Pela análise da Tabela 2, nota-se que os perfis do migrante e do migrante de retorno sofreram poucas alterações nos últimos dez anos. Em 2000, para os dois tipos de migrantes, o percentual de homens era mais elevado do que o de mulheres e se manteve em 2010. Já entre os não migrantes, o percentual de mulheres era mais elevado em 2000 e se manteve em 2010. Com relação à cor, em 2000, para os três grupos analisados, o percentual de brancos supera o daqueles que declaram ser preto e pardo. Em 2010, entretanto, tal proporção ultrapassou o percentual de brancos, tanto entre os não migrantes quanto entre os migrantes de retorno.

A literatura sobre migração aponta que os migrantes são geralmente jovens a procura de melhores oportunidades (Sjaastad, 1962; Borjas, 2004). No Brasil, não é diferente: os migrantes e migrantes de retorno são, em média, mais jovens que os não migrantes. Com relação à educação formal, os migrantes possuem, em média, maior nível de escolaridade que os não migrantes e os anos de estudo ampliaram-se para todos na década.
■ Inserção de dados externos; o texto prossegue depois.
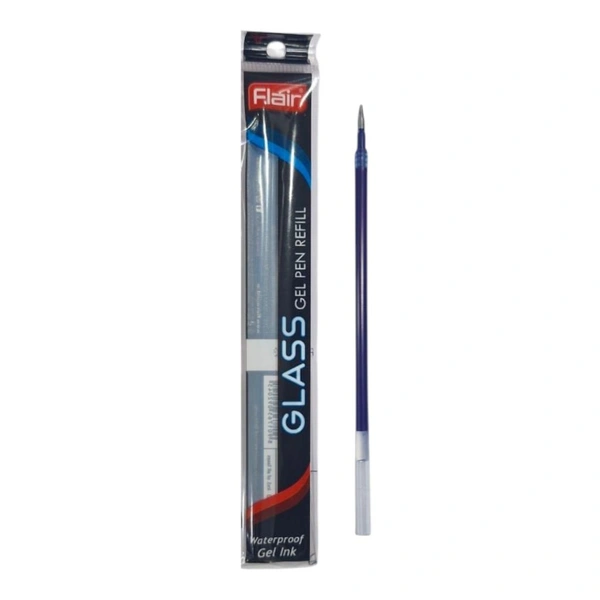 Flair Glass Gel Pen Refill (10 Pcs) - Black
Ademais, observa-se que realmente houve aumento do percentual de ocupados. Em 2000, a maior parcela de indivíduos trabalhando estava entre os migrantes de retorno. Em 2010, os migrantes de não retorno passaram a apresentar o maior percentual de pessoas empregadas, seguidas pelos migrantes de retorno.
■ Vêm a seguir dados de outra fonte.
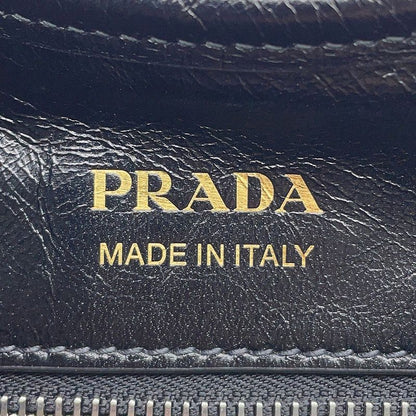 Prada Tote Hobo Leather Black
Com relação à variável estado civil, o mais importante a atentar é a expressiva redução no percentual de pessoas casadas em contraposição ao aumento de solteiras, o que coincide com a queda do número médio de pessoas por domicílio. Dados a diminuição do número de moradores por domicílio e o aumento da renda domiciliar, não é de estranhar um aumento ainda maior da renda domiciliar per capita, em torno de 48%.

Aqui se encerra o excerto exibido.